Belonging to the TGFβ superfamily, AMH acts through signaling pathways related to the SMAD protein and engages slightly different mechanisms and transmitter proteins than the constitutive proteins of TGFβ [
105,
106,
107,
108]. These proteins activate a non-canonical signaling pathway which leads to activating proapoptotic p38/mitogen-activated protein kinase (p38/MAPK) [
109,
110]. The TGFβ superfamily does not show, however, an antiproliferative effect in the case of constitutive overexpression or transient overexpression of
MDM2 [
111,
112]. It is not known whether AMH, using other pathways than the classic TGFβ proteins [
87,
113], is also lacking this function.
It is believed that epigenetic modulations have a growing role in the neoplastic process. There are two opposed systems which maintain or suppress the activity of genes through remodeling of chromatin: Polycomb (PcG) and Trithorax (TrxG) [
114,
115,
116]. An important component of Polycomb which is responsible for the development of EC is an enhancer of zeste homolog 2 (
EZH2), which impedes the activity of suppressor genes [
117,
118]. Knockdown of the
EZH2 gene leads to apoptosis of EC cells because of an increase in the level of caspase-3 and caspase-9 [
117]. AMH also increases the level of caspase-3 [
87]. In such cases AMH could also find a therapeutic application.

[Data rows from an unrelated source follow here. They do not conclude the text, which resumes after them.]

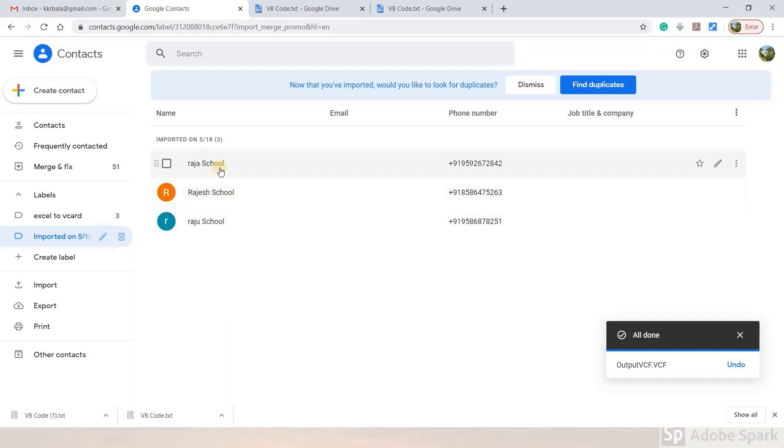The import shows first name, last name, and mobile number for all 300 contacts.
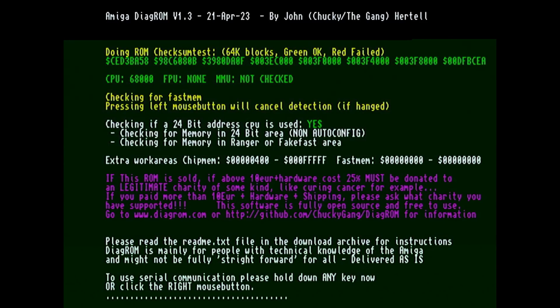And the text in pink I think is quite important. It says if this ROM is sold and you sell for more than 10 euros plus hardware cost, 25% must be donated to a legitimate charity of some kind. I think that's a brilliant message to put on there and it does have a link there to the website and the github repo.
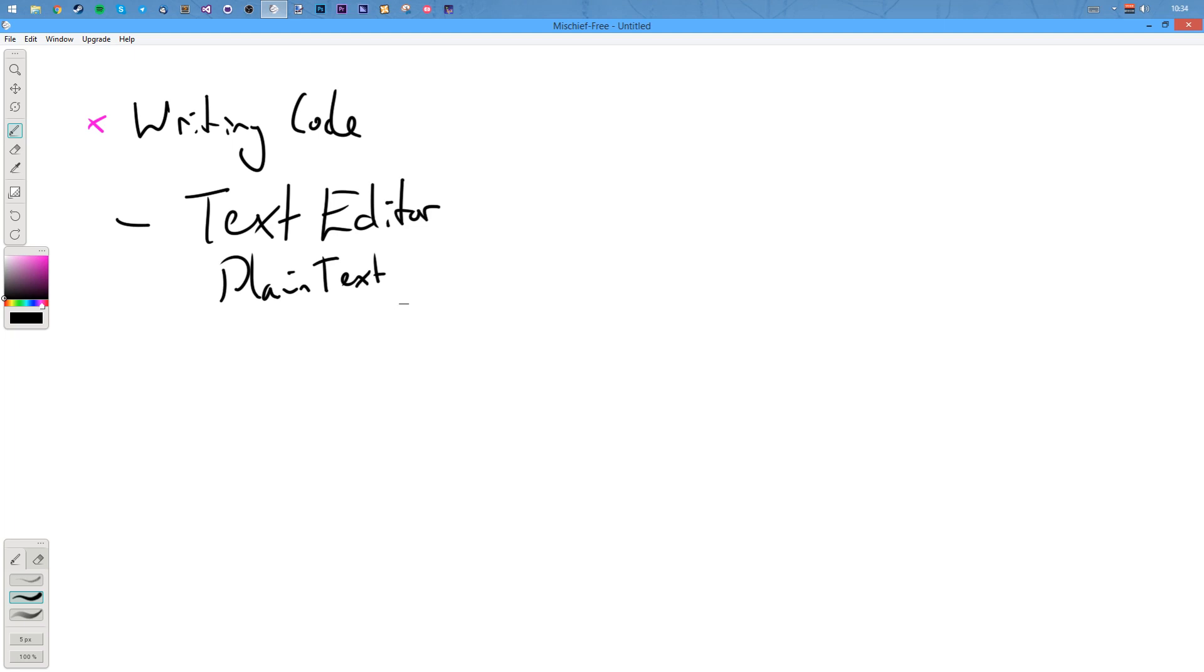Now, a text editor is something that works with plain text. Plain text. Now, plain text is just literally, as it said, all it is, is it's a file with the text in. Nothing else.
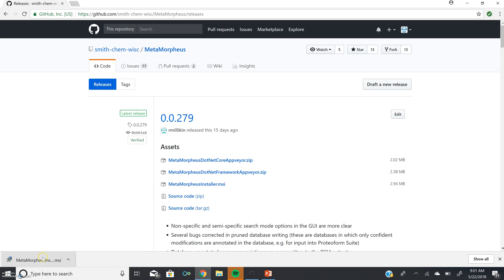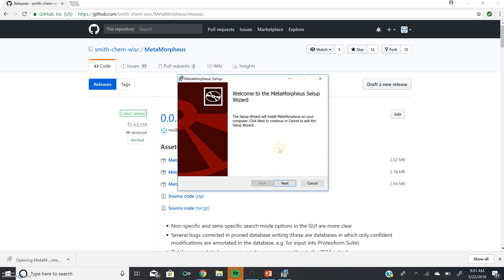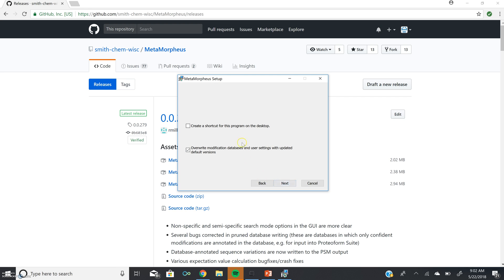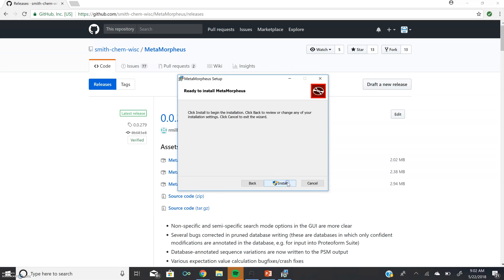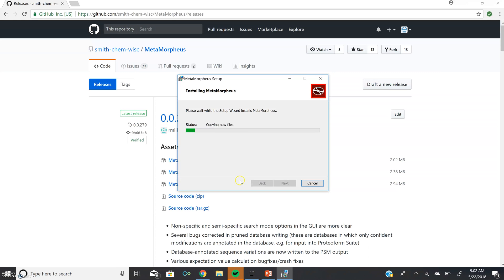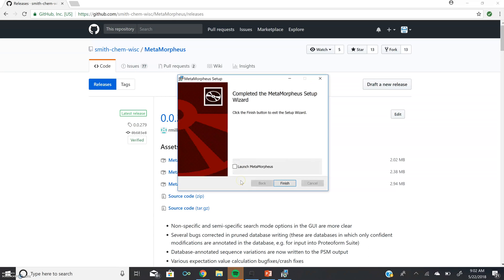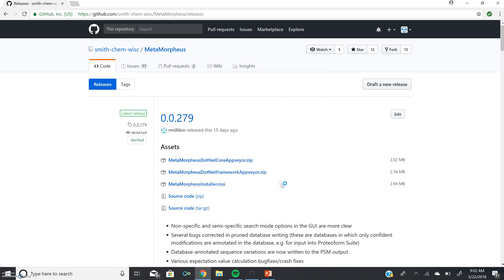So we will go ahead and we will open the installer, which will open up a setup wizard. We will click Next, and you'll notice that there are two checkboxes. The first, Create a Shortcut for this program on the desktop, is unchecked by default, but I always like to check this because I want easy access to the software program. The second is Overwrite Modification Databases and User Settings with updated default versions. This is checked by default, and we want it to remain this way. Then we'll click Next, and then Install. Then we'll go Launch and Finish.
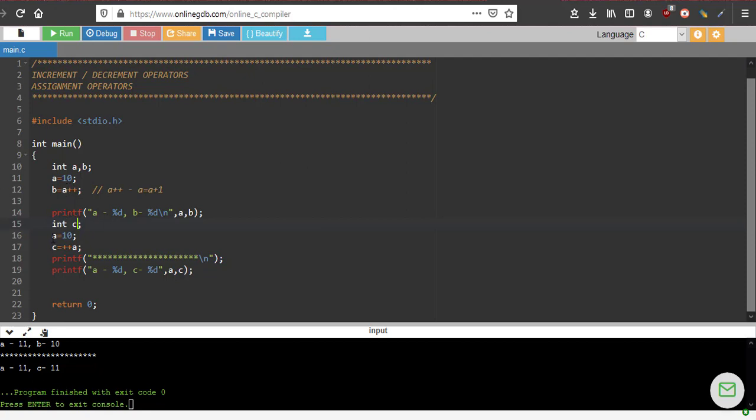So I am changing the value of a to 10, back to 10. Then I am doing c equal to plus plus a. So instead of a plus plus, I am doing plus plus a. So now what is value of c? 11. So what has happened here is, here the value of a has first transferred to b, then value of a has increased. Here what has happened, the value of a has first increased by one, then that value is assigned to c. This is a key difference of using an increment operator.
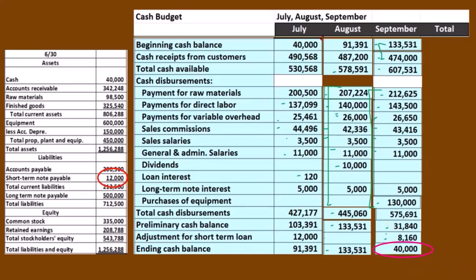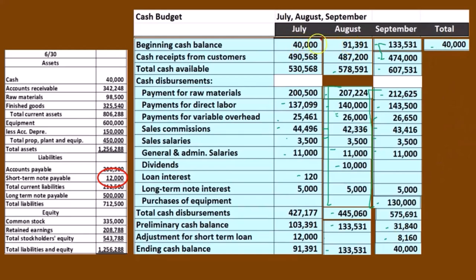So there's our three months. If we total this up just to see what the total for the three months would be, just be careful if you do something like this — you've got to remember that we're starting off at the beginning of the three-month period. We're starting off at the $40,000 at the beginning of July, and then we're doing the total for the total three-month period.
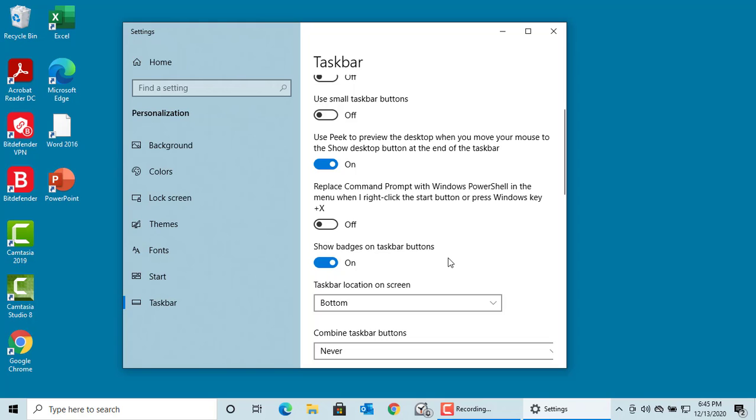Taskbar location on screen by default is bottom, but you can select left, top, or right.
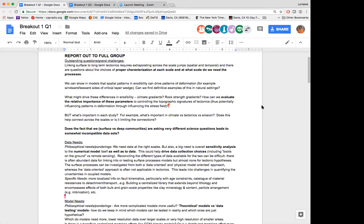We had more philosophical questions and then more specific needs. The philosophical need: we need data at the right time scales. But overall, there's a big need for sensitivity analysis both for numerical models and for data sets. Everyone was excited and thought-provoked by Katie's talk.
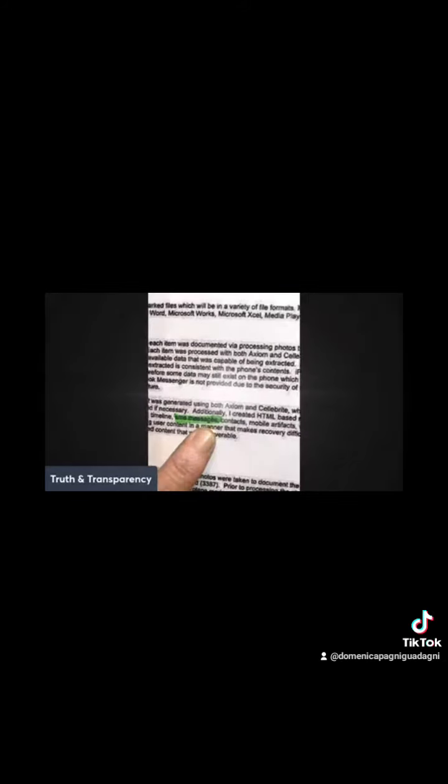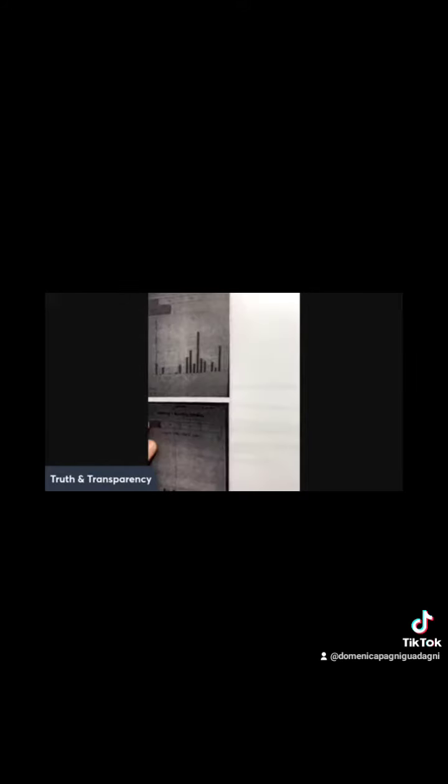It shows every movement the man made. Every movement in the house to the end of his day when he met the police.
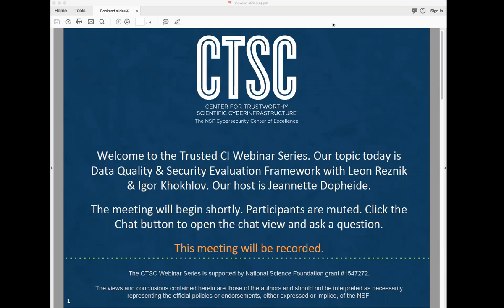Welcome everyone to the Trusted CI webinar for March 26th, 2018. I'm your host, Jeanette Dopp-Heide. Trusted CI is the NSF Cybersecurity Center of Excellence, and these webinars are part of its mission to deliver high-quality, actionable guidance regarding cybersecurity to the NSF community. More information about Trusted CI can be found at trustedci.org.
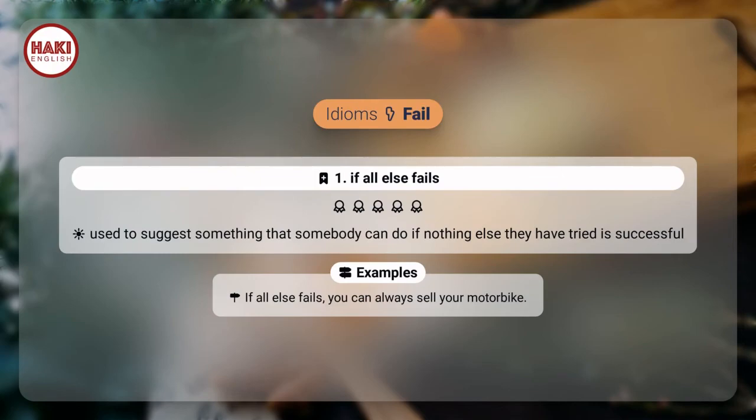Idioms. 1. If all else fails: used to suggest something that somebody can do if nothing else they have tried is successful. Example: If all else fails, you can always sell your motorbike.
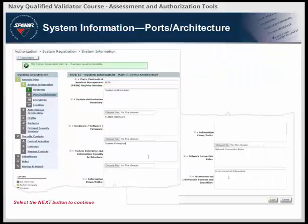The Ports Architecture section is a new step in the RMF eMAS registration process. Each field is required. A Navy Ports, Protocols, and Services Management registration spreadsheet must be submitted to obtain a unique PPSM registry number. Many of the fields allow for uploading supporting documentation. The uploaded documents will be available in the Artifacts tab once the system is registered. As you progress through the registration steps, you will also describe the encryption techniques used by the system and a summary of the location in which the system is installed.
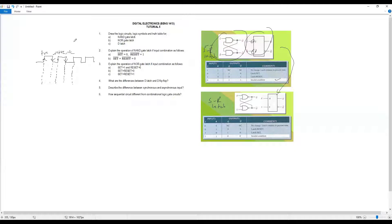For the clock waveform: the rising edge is called positive edge trigger, and the falling edge is called negative edge trigger. If your design refers to positive edge, you plot on the rising edge; if it refers to negative edge trigger, you plot on the falling edge. That's the difference between D latch and D flip-flop.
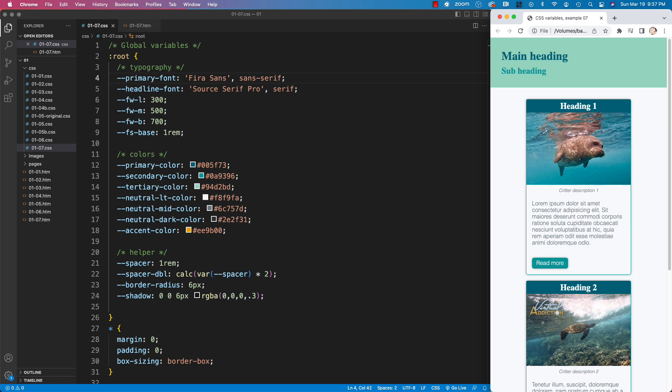So I just wanted to mention fallbacks and show you how they may work and why you may want to use them inside of your code.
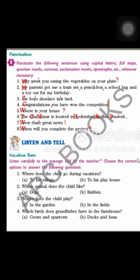Now we are going to do the punctuation exercise. I have already taught you in grammar in earlier chapters where to put question marks, commas, exclamation marks, apostrophes, etc. The instruction is: punctuate the following sentences using capital letters, full stops, question marks, commas, exclamation marks, apostrophes, etc., wherever necessary.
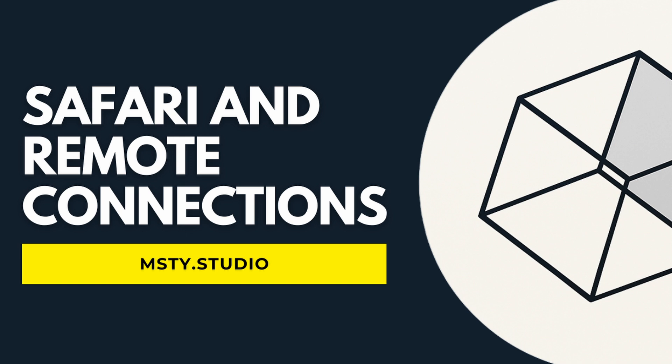If you are a Safari user, or if you want to access local API from a remote device, such as a different computer or even a phone, these updates are for all of you.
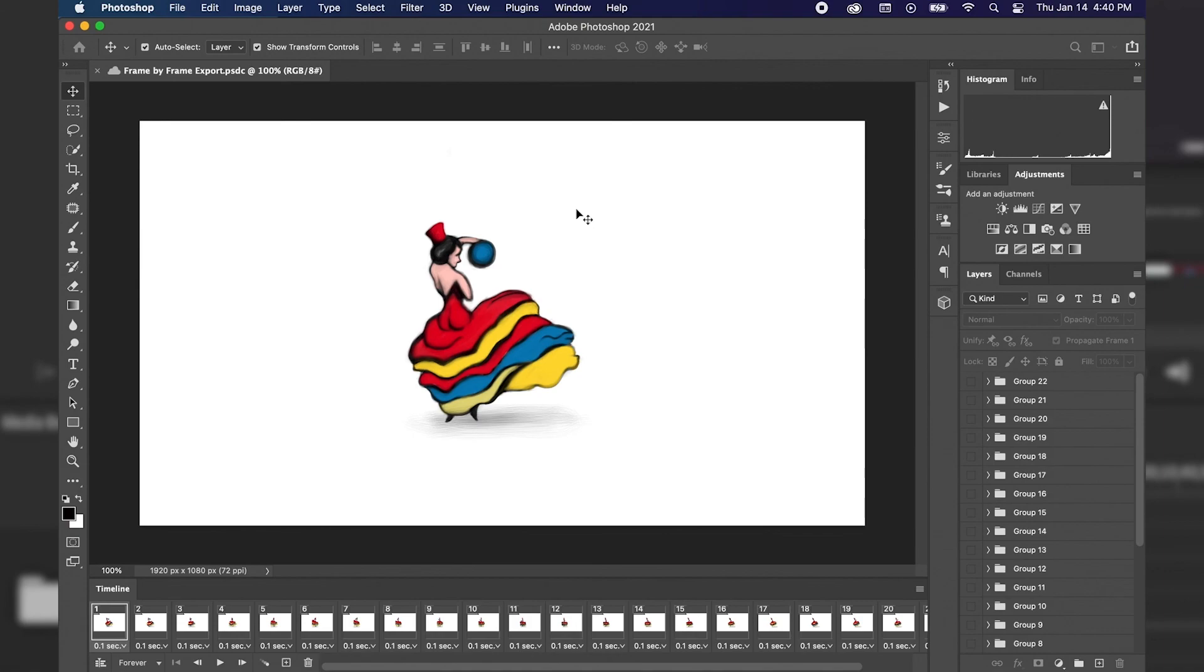All right, everybody. I hope you enjoyed today's tutorial on exporting a frame-by-frame animation from Photoshop into an animated GIF file format. This is Ethan from Dre Design Studios. Have a great day.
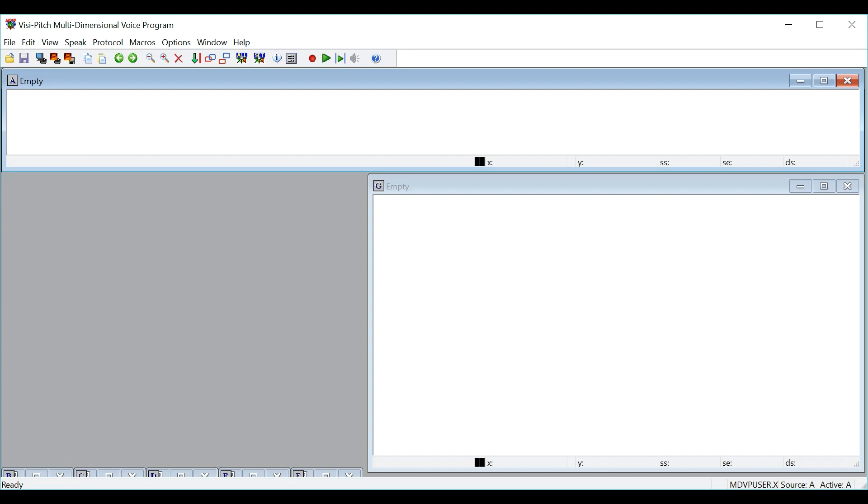The MDVP module acquires, analyzes, and displays four voice parameters from a single vocalization, which can be used for the analysis of different vocal pathologies.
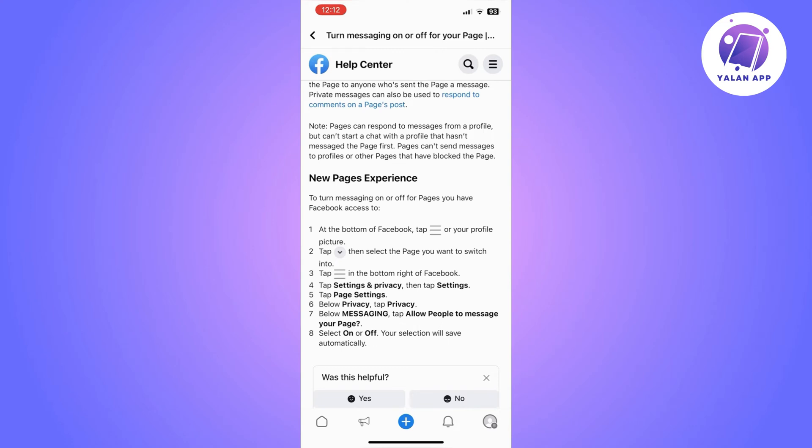From there, you will need to find Privacy. Click on it and then you should see Messaging, and then tap on "Allow people to message your page."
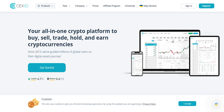Welcome back to our channel. Today we have an exciting tutorial for you: how to buy Bitcoin on CEX.io. CEX.io is a user-friendly platform that offers a seamless way to purchase Bitcoin and other cryptocurrencies. If you're new to the world of crypto or looking for an easy method to buy Bitcoin, you've come to the right place.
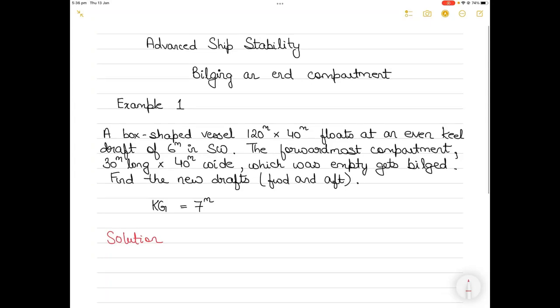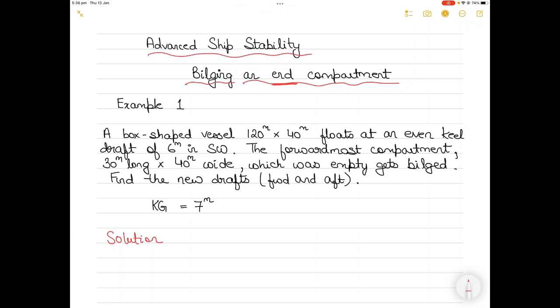Hi everyone. Today I'm going to start a series on advanced ship stability problems, particularly focusing on the topic of bilging of an end compartment. Today I will take up one example, and in future I will take up more examples of bilging of end compartments, then intermediate compartments and midship compartments as well. Without wasting much time, let's get into it.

Among natural substances, not only AMH has a beneficial effect on the reduction of EC cells. Hesperidin (a flavonoid from Citrus species) induces apoptosis through p38/mitogen-activated protein kinase [
119]. Eupatilin (from
Artemisia princemps) increases the level of the p21 protein and inhibits the growth of EC cells in the G2/M stage [
120].
Summarizing, as the knowledge on carcinogenesis and its molecular basis increases, novel or modified therapeutic solutions appear in modern oncology. A member of the TGFβ family, AMH represents a substance which should be focused on in 21st century medicine because of its unique properties and safety profile.